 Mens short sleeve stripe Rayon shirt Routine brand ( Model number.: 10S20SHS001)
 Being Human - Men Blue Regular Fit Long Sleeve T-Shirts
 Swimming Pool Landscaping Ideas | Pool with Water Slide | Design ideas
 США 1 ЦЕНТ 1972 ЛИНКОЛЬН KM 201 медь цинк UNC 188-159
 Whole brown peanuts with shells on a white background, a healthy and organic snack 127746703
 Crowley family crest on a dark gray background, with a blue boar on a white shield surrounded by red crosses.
...
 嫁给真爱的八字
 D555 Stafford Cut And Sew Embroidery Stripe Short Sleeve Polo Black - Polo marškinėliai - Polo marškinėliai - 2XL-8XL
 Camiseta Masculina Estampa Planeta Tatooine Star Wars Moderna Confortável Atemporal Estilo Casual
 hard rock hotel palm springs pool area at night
* * *
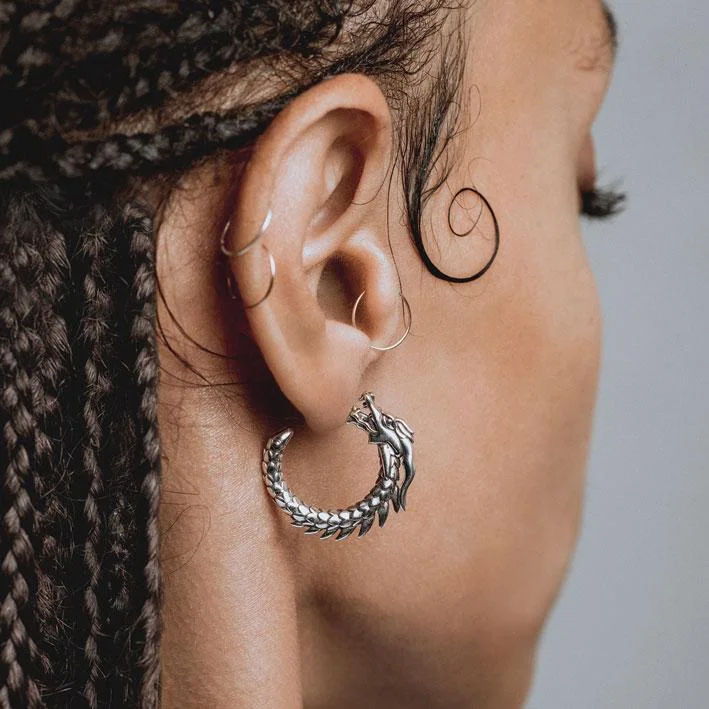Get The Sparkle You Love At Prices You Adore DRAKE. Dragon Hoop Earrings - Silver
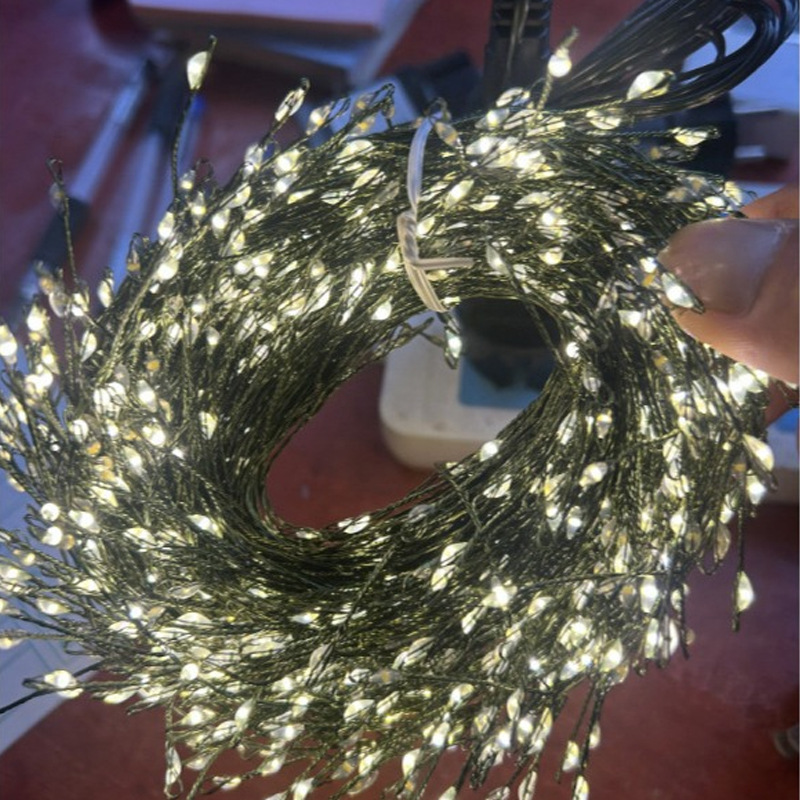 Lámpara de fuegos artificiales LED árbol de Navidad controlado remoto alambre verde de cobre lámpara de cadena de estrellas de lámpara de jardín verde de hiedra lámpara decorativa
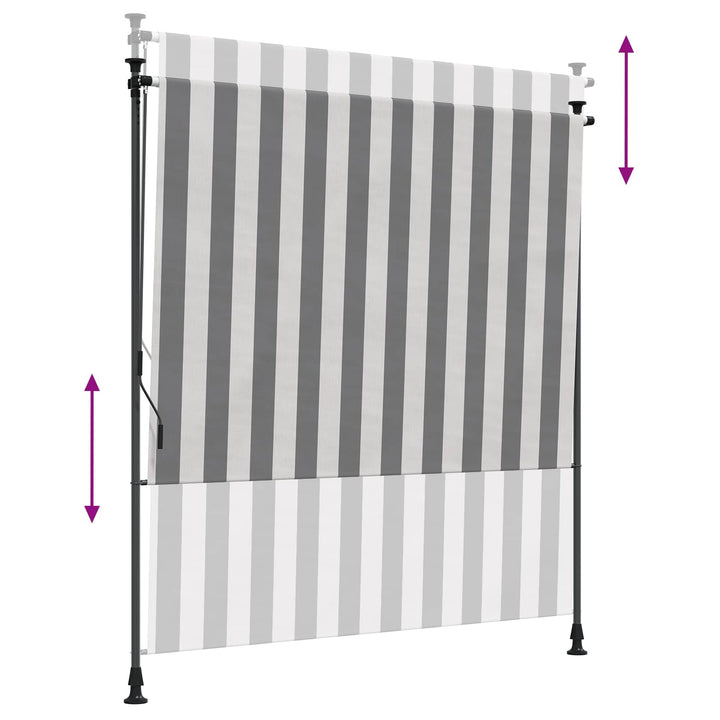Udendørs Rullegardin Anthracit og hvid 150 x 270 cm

▶ _ASSIGNMENT_
Only one stretch of the data above is needed. Restate it word for word, from the line containing "Mens short sleeve" through the line containing "Crowley family crest", both ends included.

▶ _ANSWER SPACE_
 Mens short sleeve stripe Rayon shirt Routine brand ( Model number.: 10S20SHS001)
 Being Human - Men Blue Regular Fit Long Sleeve T-Shirts
 Swimming Pool Landscaping Ideas | Pool with Water Slide | Design ideas
 США 1 ЦЕНТ 1972 ЛИНКОЛЬН KM 201 медь цинк UNC 188-159
 Whole brown peanuts with shells on a white background, a healthy and organic snack 127746703
 Crowley family crest on a dark gray background, with a blue boar on a white shield surrounded by red crosses.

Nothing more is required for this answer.